At the line containing "ネイル オーロラネイル 氷ネイル・うるうるネイル", begin setting down the entries exactly, and stop only after the last line.

Data extracted from a collection:
————————

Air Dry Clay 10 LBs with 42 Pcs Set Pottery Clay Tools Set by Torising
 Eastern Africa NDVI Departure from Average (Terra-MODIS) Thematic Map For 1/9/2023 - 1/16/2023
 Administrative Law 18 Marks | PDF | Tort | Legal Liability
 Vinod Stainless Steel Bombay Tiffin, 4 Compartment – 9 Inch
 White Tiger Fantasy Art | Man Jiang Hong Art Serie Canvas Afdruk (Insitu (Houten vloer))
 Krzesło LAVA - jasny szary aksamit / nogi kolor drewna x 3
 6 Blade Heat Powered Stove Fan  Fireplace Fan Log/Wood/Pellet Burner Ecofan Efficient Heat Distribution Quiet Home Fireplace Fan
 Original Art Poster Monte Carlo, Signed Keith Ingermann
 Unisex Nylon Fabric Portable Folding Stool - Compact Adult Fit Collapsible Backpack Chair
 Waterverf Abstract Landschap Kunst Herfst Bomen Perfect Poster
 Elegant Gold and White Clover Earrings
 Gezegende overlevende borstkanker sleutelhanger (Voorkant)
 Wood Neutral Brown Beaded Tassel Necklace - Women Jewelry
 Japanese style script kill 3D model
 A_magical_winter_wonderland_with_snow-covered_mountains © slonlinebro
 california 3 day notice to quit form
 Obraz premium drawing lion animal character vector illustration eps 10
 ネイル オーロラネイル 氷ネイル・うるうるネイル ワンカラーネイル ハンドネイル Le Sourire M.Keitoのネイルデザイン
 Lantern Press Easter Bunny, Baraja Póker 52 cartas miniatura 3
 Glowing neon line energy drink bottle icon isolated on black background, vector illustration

————————

* SOLUTION:
 ネイル オーロラネイル 氷ネイル・うるうるネイル ワンカラーネイル ハンドネイル Le Sourire M.Keitoのネイルデザイン
 Lantern Press Easter Bunny, Baraja Póker 52 cartas miniatura 3
 Glowing neon line energy drink bottle icon isolated on black background, vector illustration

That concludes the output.